I think maybe it's similar in a way to the thing I hear a lot of transfolk say about how people hang "smashing the gender binary" on them, even if they're feminine women or masculine men who'd be quite happy not to go against that particular grain, thanks.

Sort of this feeling "well, if I like 'Sir' too much or get he'd in a scene, or admit that I'm not just a fan of pegging but actually much prefer being stone, it means I've been insufficiently feminist." I think part of my loooooooong slow break with femdom had to do with that.

Not that anyone was ever SAYING this, of course... but I think when you call attention to how these things can hang separate without "and, hey, sometimes they hang together, too" you end up in weirdland.
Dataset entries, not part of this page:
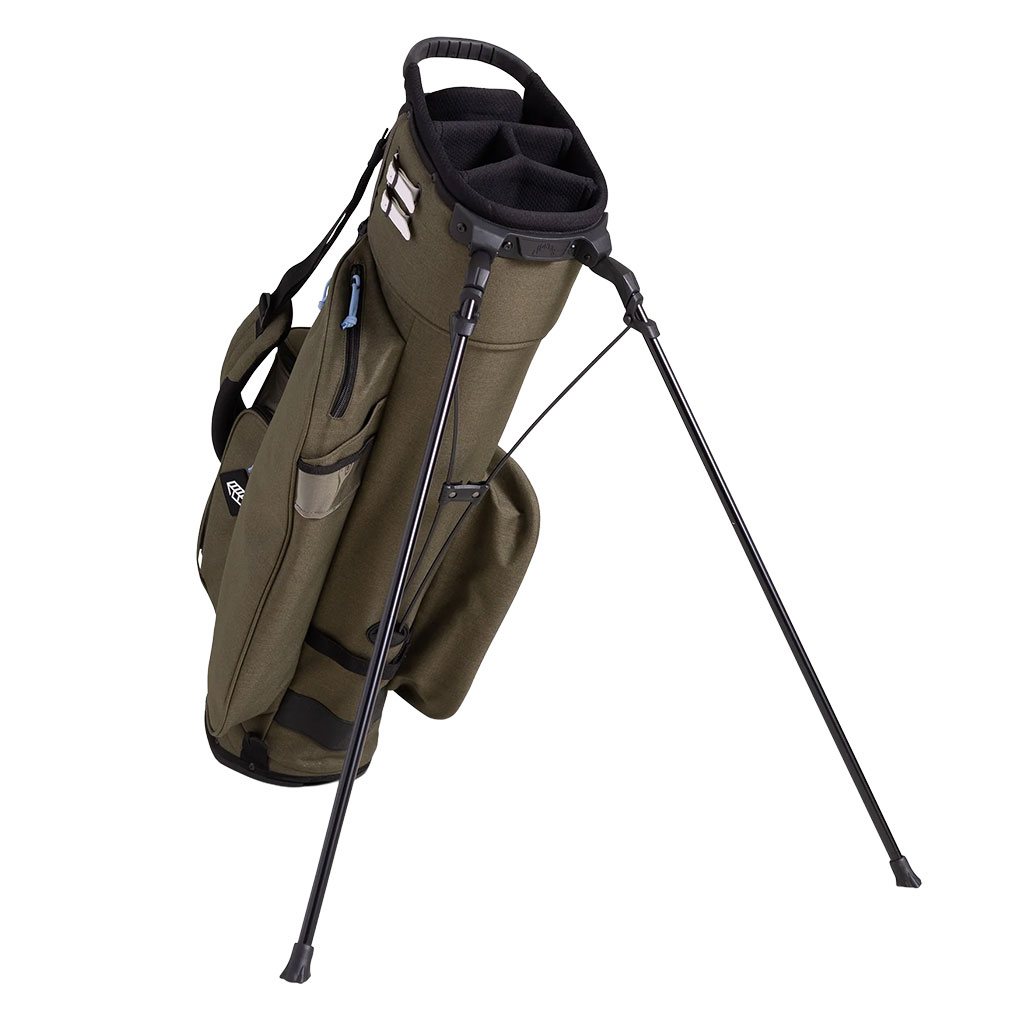 JONES ジョーンズ キャディバッグ Trouper 4.0 スタンドバッグ 5分割
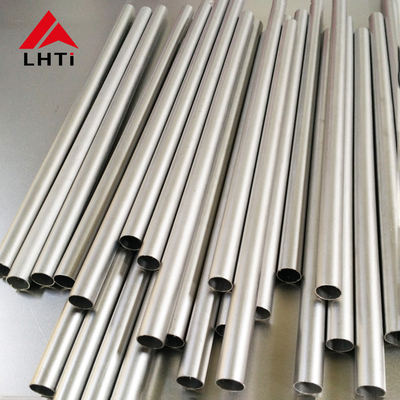Good price Strength Polished Titanium Tube 1000Mpa Tensile Strength 800Mpa Yield Strength 10Mm Diameter online
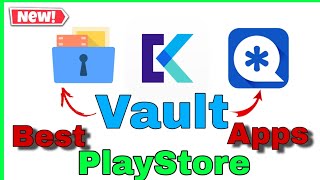 TOP 3 Best Vault Apps on PlayStore | Android Vault Apps | Vault Apps screenshot 5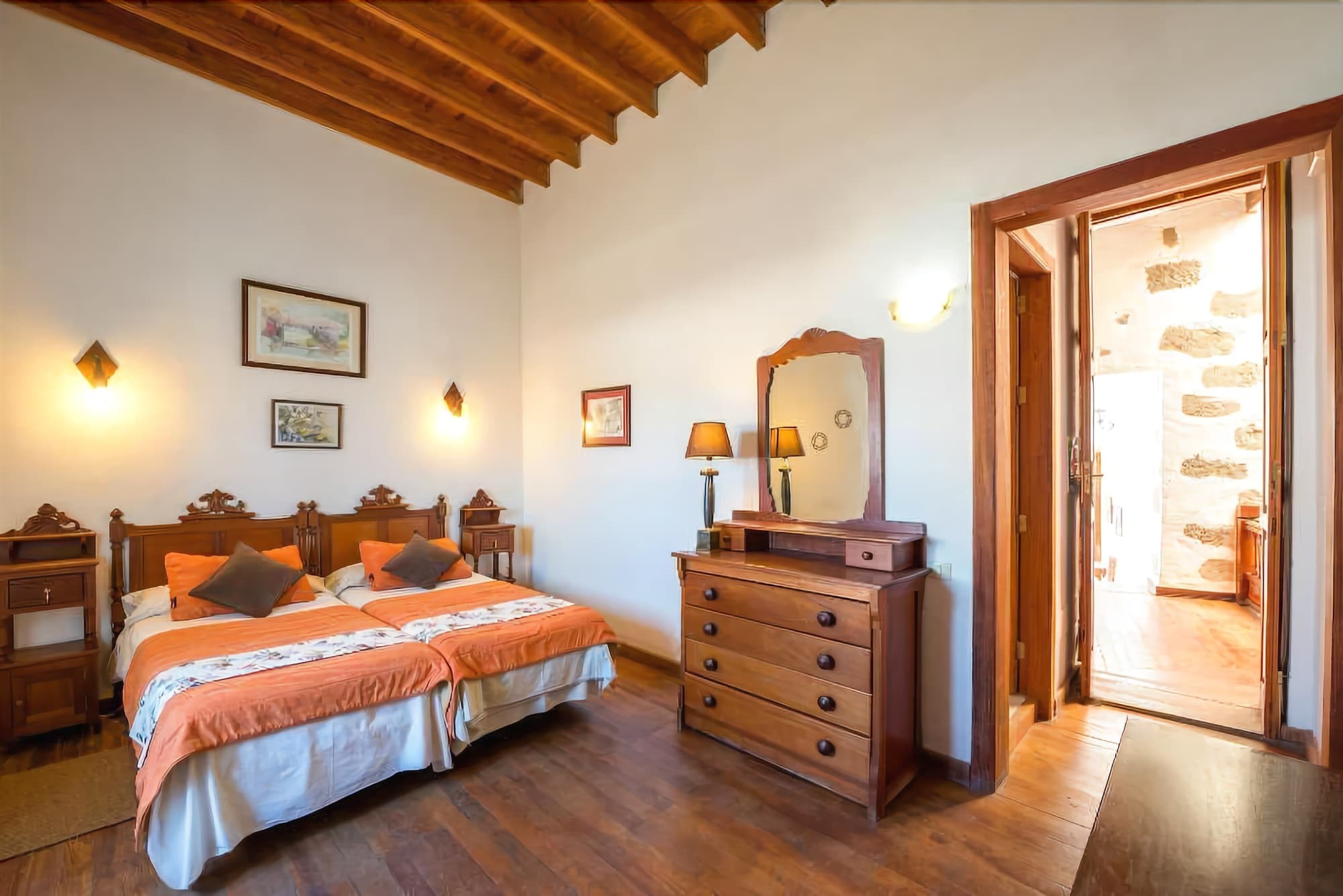 Hotel Rural Villa Agueimes Dış mekan fotoğraf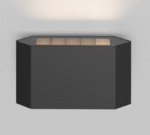 Maytoni Pull spoljašnja fasadna lampa grafitna 3000K 5W - Slika 6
And get people like those who claim things like "well, BDSM is fine, it's those MALE DOM FEM SUB couples I can't abide," because people are looking FOR heroes, for smashers of every social convention, rather than looking AT people.

Dw3t-Hthr said...

This is one of the places where I kinda want to bounce up and down and go, "Yes! That too! All of the different ways they go together, isn't it all so shiny?!", but if I let myself do that sort of shit too much I start to sound completely fucking twee. ;)

I think part of what I'm driving at is -- look at all this shiny stuff, and how different people have all kinds of different parts of it. Some of them that go together, sweep together all in one place or are even all the same thing for that person, and some of them from ways that are counter to the assumptions about how it goes together, and some of them from way the fuck elsewhere.
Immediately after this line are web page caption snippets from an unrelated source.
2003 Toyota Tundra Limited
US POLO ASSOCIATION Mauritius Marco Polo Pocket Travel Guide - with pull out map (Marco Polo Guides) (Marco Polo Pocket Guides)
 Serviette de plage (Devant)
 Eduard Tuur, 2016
People are pretty. Variety is pretty. (I'm clearly having a 'Yay! Pretty!' kind of day, or something.)

And yeah, you get the "BDSM okay, but male dom/female sub bad!" and you get "BDSM okay, so long as you don't do the SM part" and you get the "BDSM okay, so long as you don't do the DS part", and the "BDSM okay, so long as you do/don't have this particular combination of orientations" and all that stuff, and damnit, they're all feathers. Hook 'em up or don't depending on what sort of bird you are.
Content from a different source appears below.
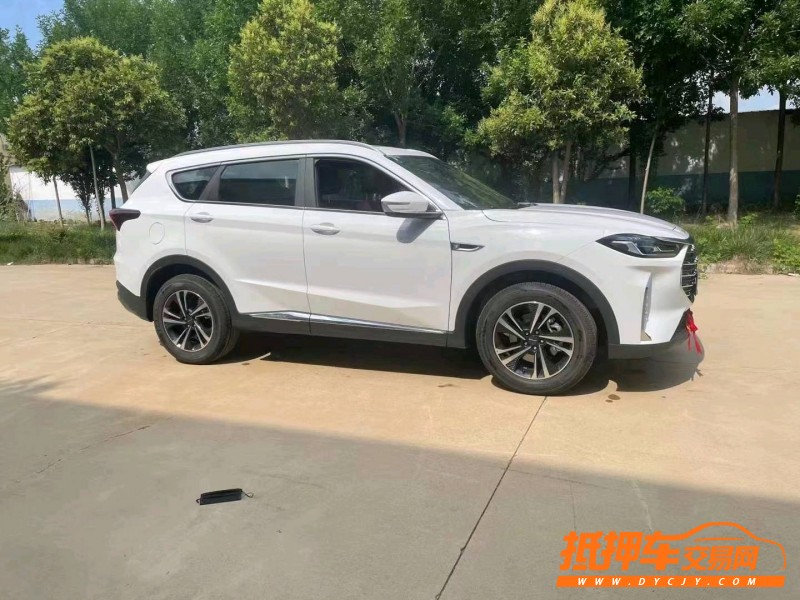 枣庄22年奇瑞捷途X706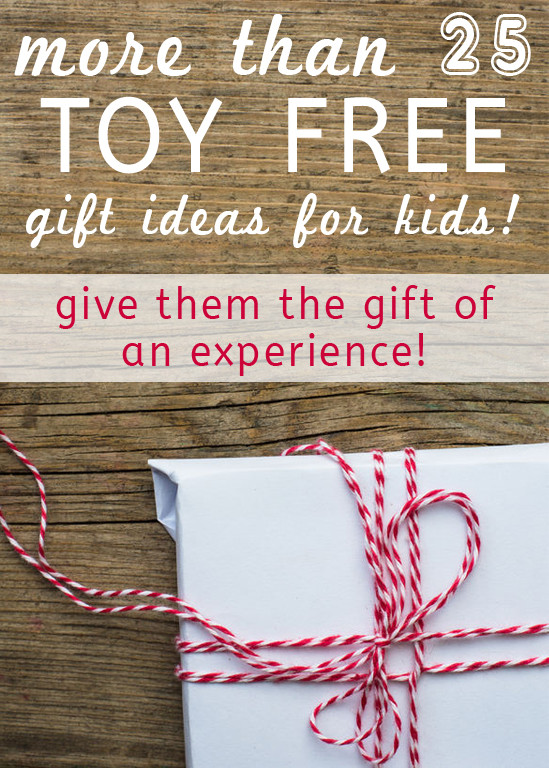 Best ideas about Experience Birthday Gifts
. Save or Pin Toy Free Gift Ideas e Beautiful Home Now.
Flapflapflappityflap. Shake your fucking tail.

(No, I'm not actually on anything. I just seem to be sounding like I'm on something right now.)

Deoridhe said...

I love rainbows because it's a lot of variety, all at once, and even the variety has variety (have you SEEN how many shades of blue there are???). I like mixed binaries (and trinaries) for the same reason.

osmetimes, "Ooo, pretty!" is the best response, imo.

S.L. Bond said...

Those are amazing ideas/images. I had the realization at some point that it's not, say, a male/female binary that's inherently harmful, it's that that binary is bound to other binaries (good/bad, strong/weak, active/passive) that causes the trouble. The conclusion I drew was that dualistic thinking is overall bad, because once a worldview gets divided into dichotomies, it becomes "the X/Y binary exists, therefore everything is X or Y... so in the A/B binary, one of the two is X, and the other is Y" -- one binary inevitably gets equated with another, and then with another.

But this is a much lovelier, more productive way to look at it.

Maddie H said...

Those are great points about the spectrum of possibilities rather than binary options. I really wanted to say something about that, but the first article was 3k words and the second was 7k, and I just had too much stuff I wanted to say and some of it was forgotten.

A huge part of the whole thing is just how BDSM is stereotyped and the participants perceptually "forced" into a binary dichotomy that doesn't exist in real BDSM activity.